_Your objective:_ In the entries below, begin at the line that has "91696_二十四史魏书_高宗钦定五洲同文书局" and stop after the line that has "勇往直前(2001)完结40集全迅雷网盘全集下载"; output those lines exactly, leaving out pictures.

_Exercise material:_
╔══
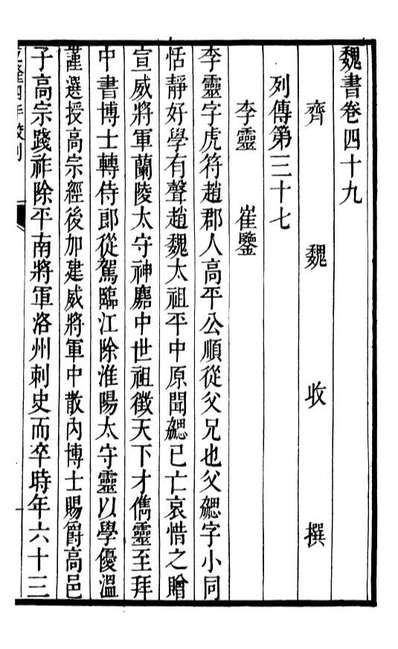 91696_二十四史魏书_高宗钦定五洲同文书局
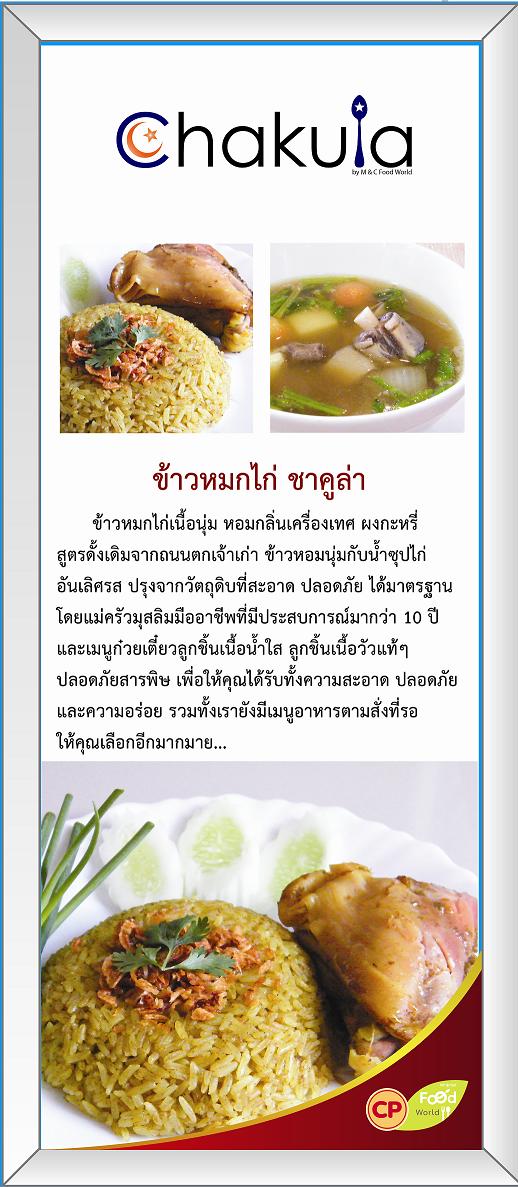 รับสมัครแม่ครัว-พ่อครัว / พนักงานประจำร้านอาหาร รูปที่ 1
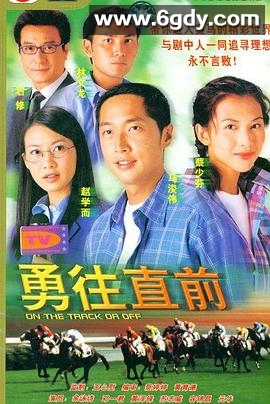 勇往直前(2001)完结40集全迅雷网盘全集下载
╚══
╔══
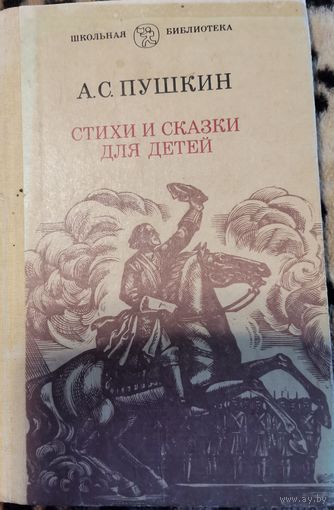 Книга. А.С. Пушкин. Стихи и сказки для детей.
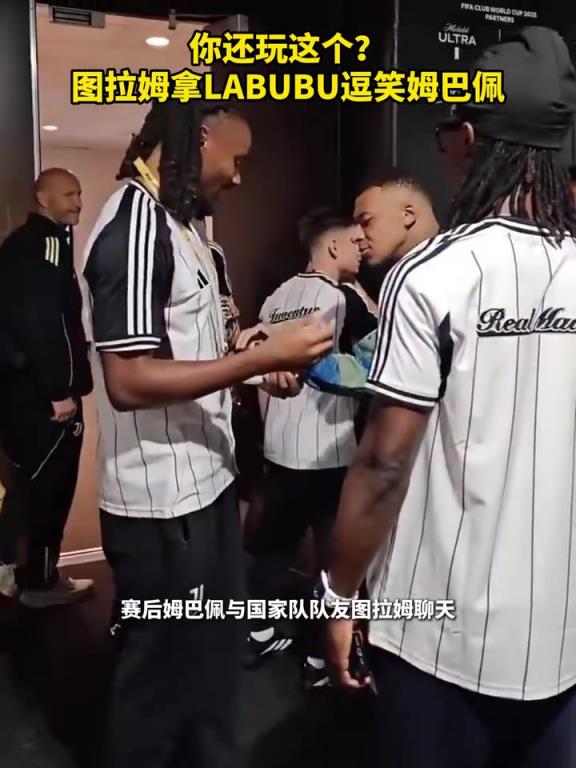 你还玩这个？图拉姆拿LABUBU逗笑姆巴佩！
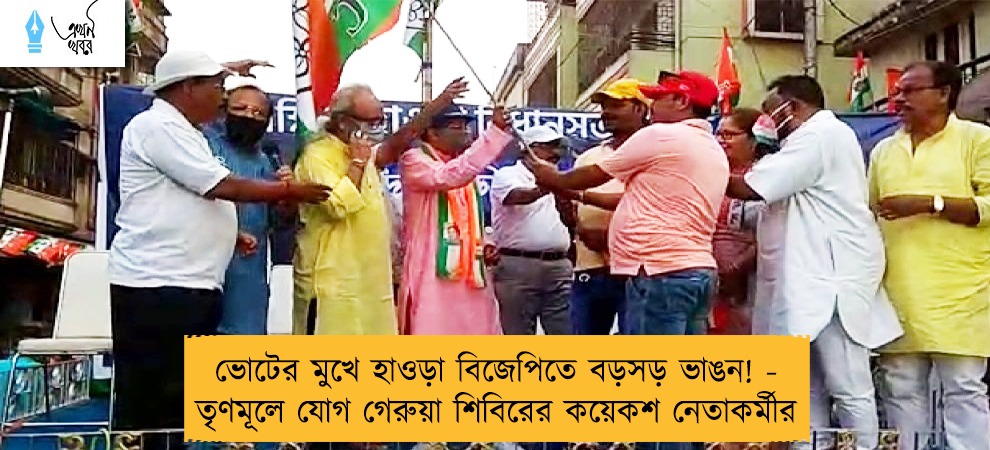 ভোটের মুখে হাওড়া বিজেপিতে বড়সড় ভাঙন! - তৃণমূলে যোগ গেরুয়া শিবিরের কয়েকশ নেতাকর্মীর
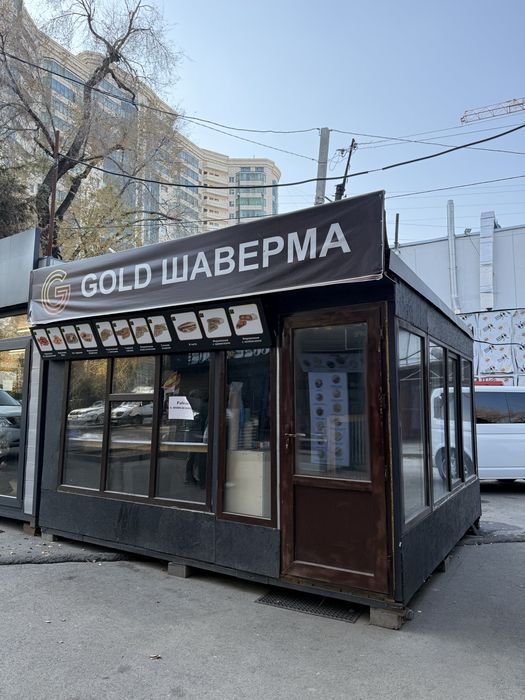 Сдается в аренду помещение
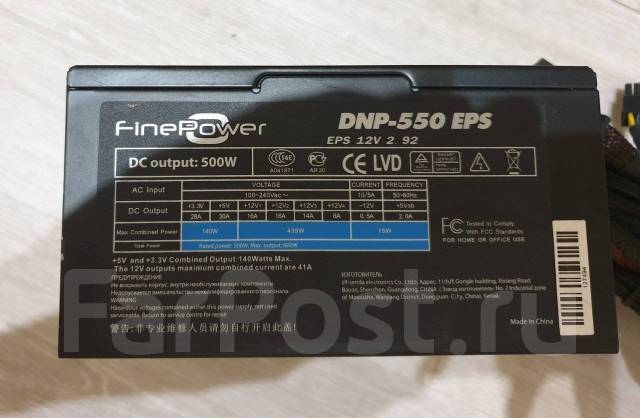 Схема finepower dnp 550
╚══
╔══
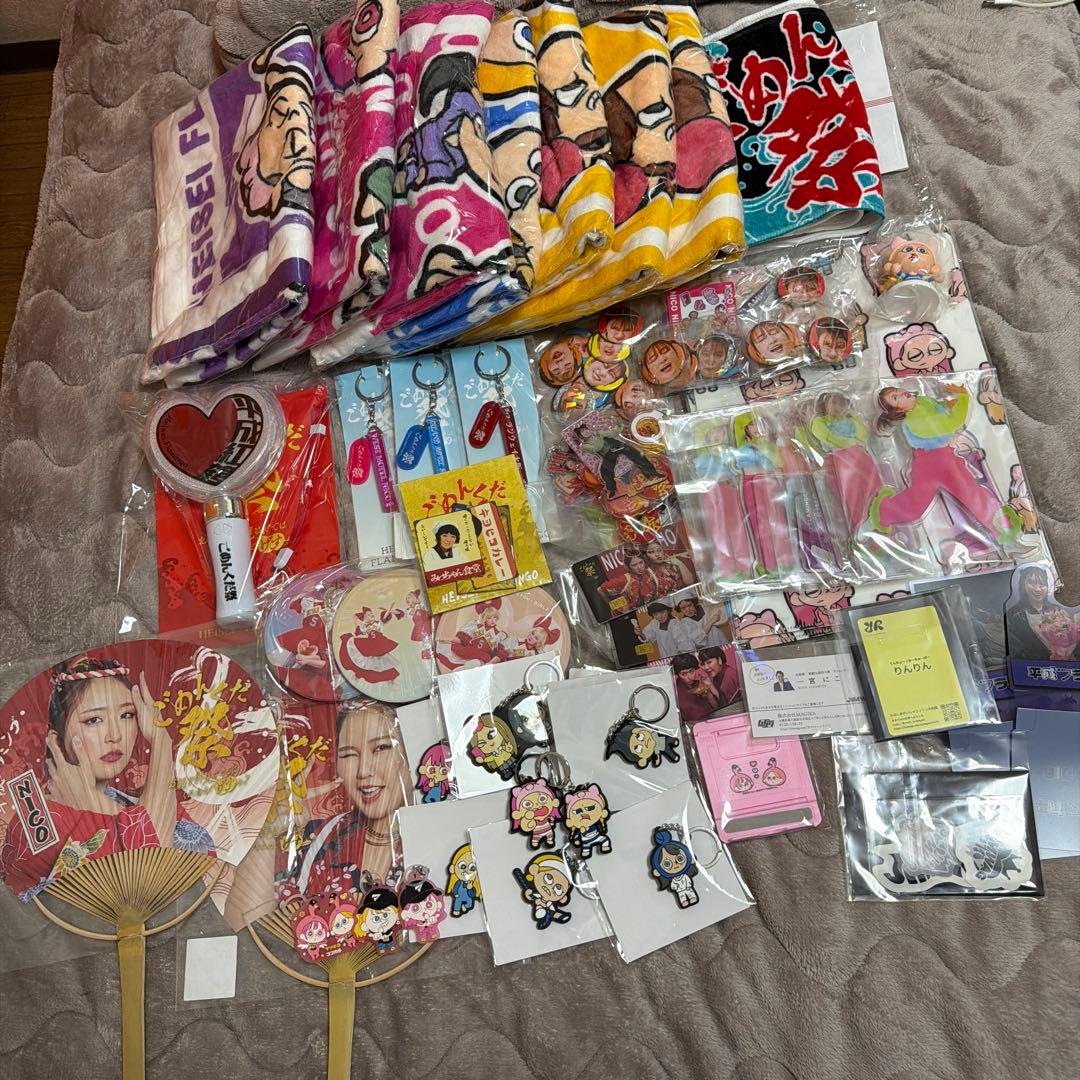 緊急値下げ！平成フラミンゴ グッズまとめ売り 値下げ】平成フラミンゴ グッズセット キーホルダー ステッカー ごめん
╚══
_Result of the exercise:_
 91696_二十四史魏书_高宗钦定五洲同文书局
 รับสมัครแม่ครัว-พ่อครัว / พนักงานประจำร้านอาหาร รูปที่ 1
 勇往直前(2001)完结40集全迅雷网盘全集下载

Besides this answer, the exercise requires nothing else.